Fuliza M-Pesa, which was officially launched on January 5th, 2019, is a functionality that enables M-Pesa users to borrow short-term, top up amounts when users need to make transactions but lack enough money in their mobile cash wallets. This revelation has come about through a series of collected data that went on to show that a large number of transactions were canceled every day due to insufficient funds.
To activate the service, an M-Pesa user simply has to dial *234# and follow the easy instructions on the guide menu that pops up. The service is currently only available for Lipa na M-Pesa, Send money, Buy goods and Paybill options. The loan amount ranges from Ksh. 1 to Ksh. 70000 and is subject to specific individual limits depending on one’s M-Pesa transactional history. The overdraft has alloted with an interest rate of 0.035% and it usually comes with a maturity period of thirty days.
Although I am freely using the word “loan” to describe it, there is a buzzing street debate as to whether it is indeed a loan product or a different thing altogether. The originators of the idea claim that it is not a loan for the sole purpose that for loans, the borrower and the lender have agreed upon terms as to the periodic payment of the loan but in Fuliza, the full borrowed amount is deducted in a lump sum every time the borrower makes a deposit without any prior arrangement with the lender as to how the borrowed amount would be paid.

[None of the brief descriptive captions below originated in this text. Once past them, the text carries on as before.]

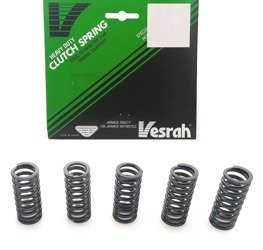 sprężyny sprzęgła Vesrah # SK-216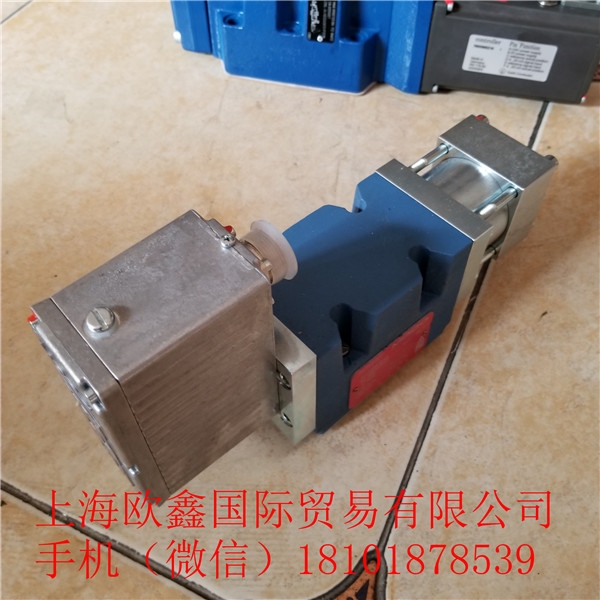 D634-543A R40KO2F3VSP2 （MOOG）中國工業(yè)領域產品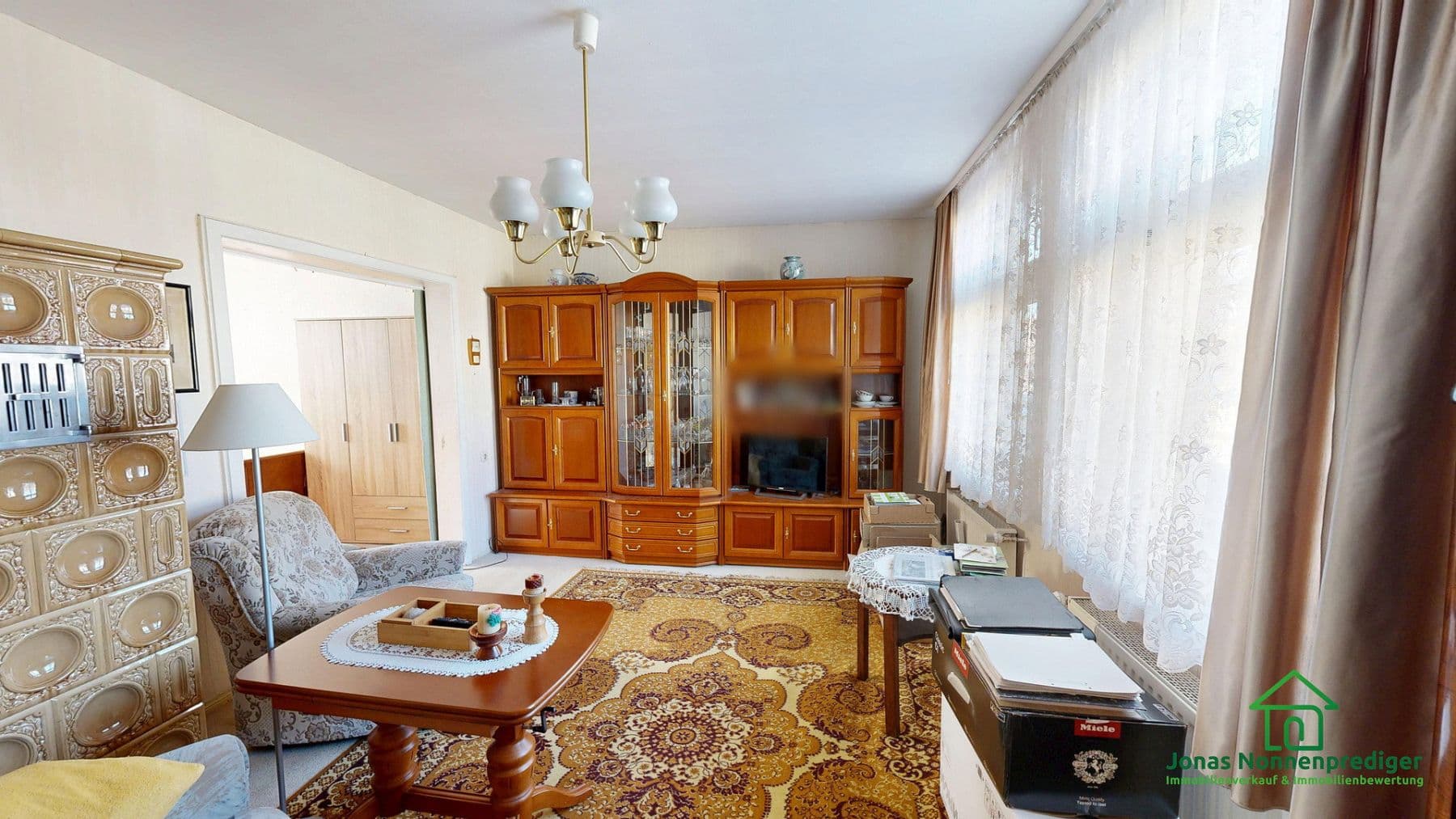 Predaj domu 131 m², pozemek 1.221 m², Berliner Straße 38a, Lenzen (Elbe), Brandenbursko Predaj domu 131 m², pozemek 1.221 m², Berliner Straße 38a, Lenzen (Elbe), Brandenbursko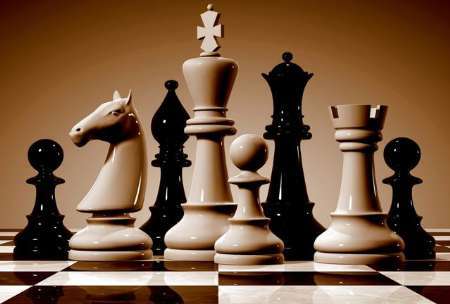 شطرنج بازان آستارا در مسابقات سراسری مقام برتر کسب کردند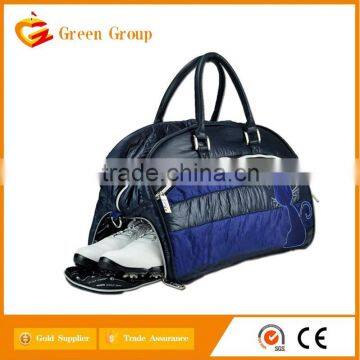 Golf multifunctional shoes bag for sports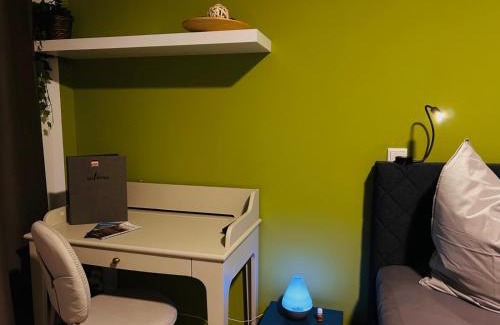 Wuelfrath Casa | Pension Osthoff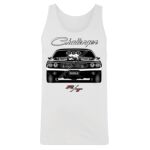 Men's Tank Top Thumbnail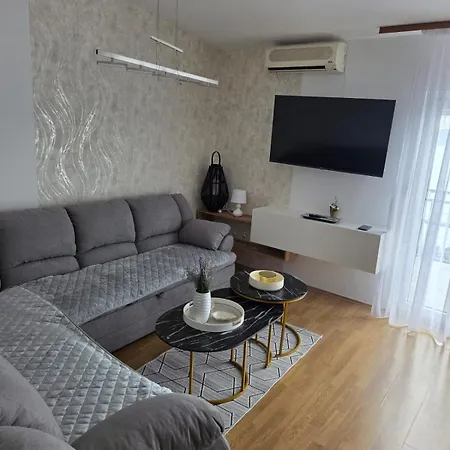 Marija Apartment *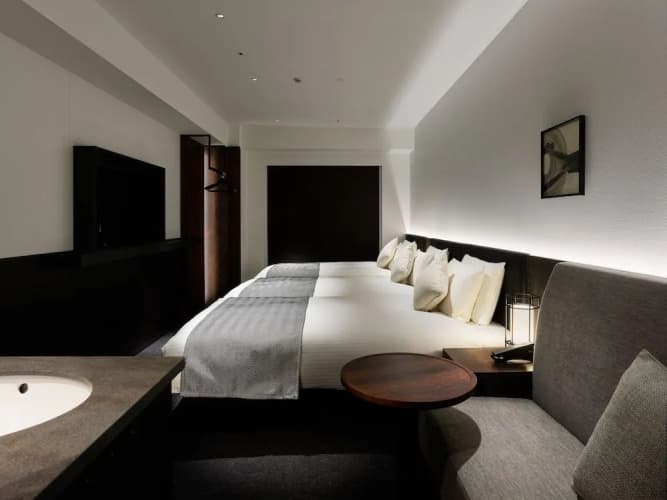 Mitsui Garden Hotel Kyoto Kawaramachi Jokyoji 5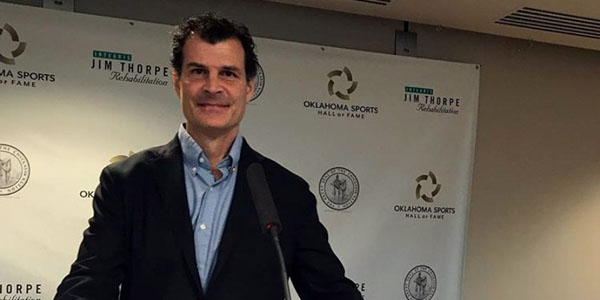 Mat Hoffman nyílt levele az UCI-nak és a IOC-nek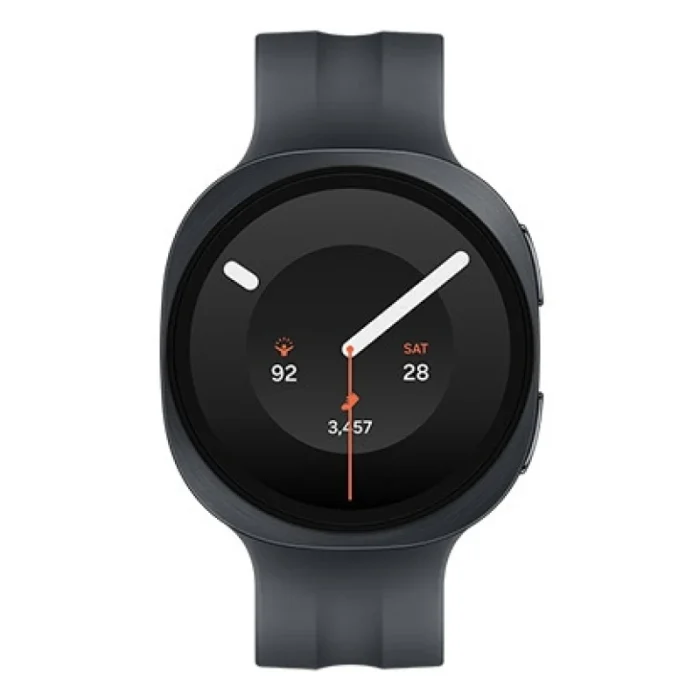 smartwatch samsung galaxy watch 9 bluetooth 40 mm – crème (sm l340nzeamwd)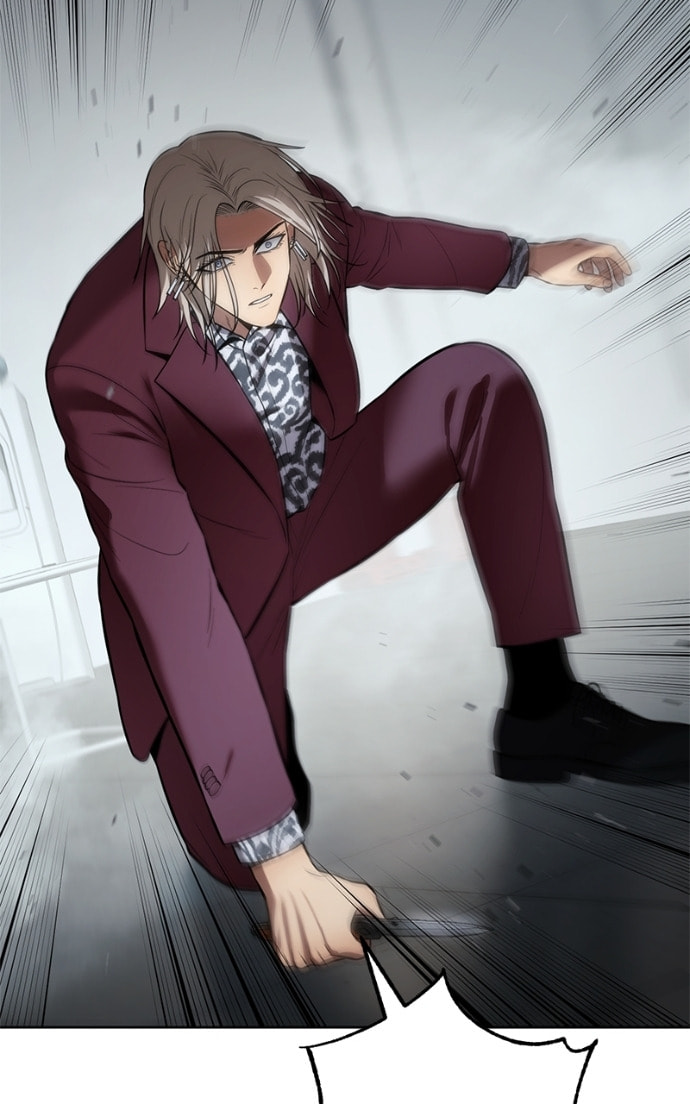 Read Mr. Baek chapter 79 image 127 on Lezhin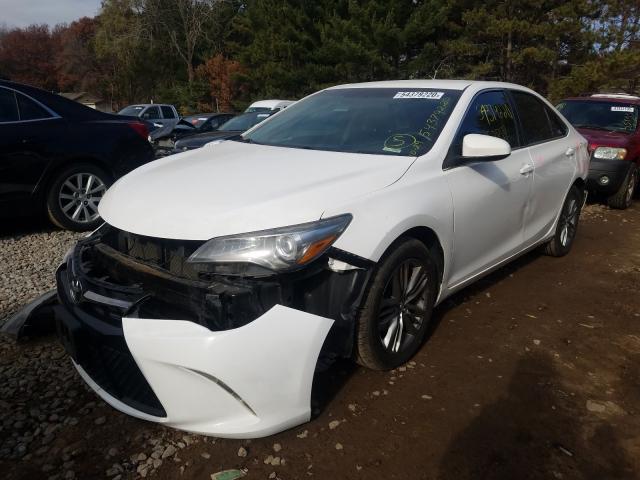 Photo 1 VIN: 4T1BF1FK4FU950090 - TOYOTA CAMRY LE 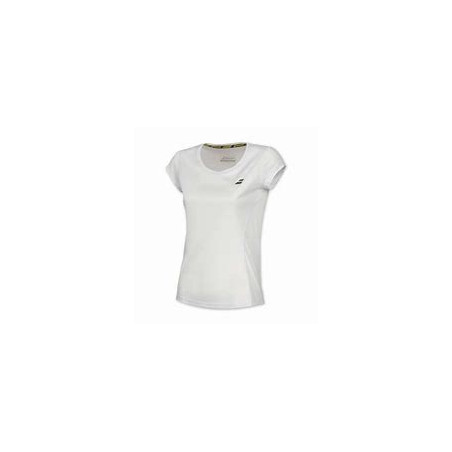 T-SHIRT BABOLAT FEMME CORE CLUB
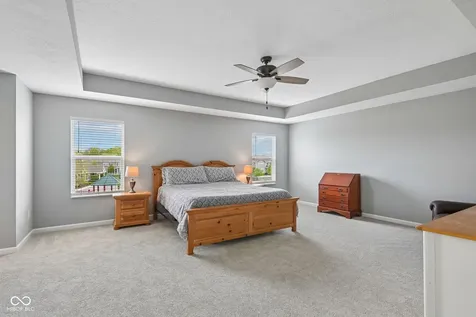 15961 Foothill Drive Noblesville IN 46060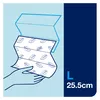Ręcznik papierowy Tork 120398 Xpress Multifold 2 warstwy, biała celuloza + makulatura – prezentacja produktu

Aspects like the lack of a proper installment plan sort of disqualify it from being a loan.
Safaricom partnered with the Commercial Bank of Africa (CBA) and the Kenya Commercial Bank group (KCB) to facilitate the realization of this smart innovation. In its first month, Safaricom customers borrowed Sh. 6.2 billion equivalent to an average daily lending of up to Sh. 200 Million which, the finance heads would agree with me, is a near perfect return on investment even without a mention of the initial investment cost Safaricom had to incur in setting up the service (it is much more likely to be way under 6.2 billion a month).
In a statement made by the Chief Financial Services Officer, Mr. Lopokoiyit, he said that M-Pesa is looking to introduce the Fuliza functionality into the six other African countries in which it is currently operational in i.e. Tanzania, Lesotho, Ghana, the Democratic Republic of Congo (DRC) and Mozambique and there are future plans to introduce the same service to India where Safaricom operates through its parent company, Vodafone.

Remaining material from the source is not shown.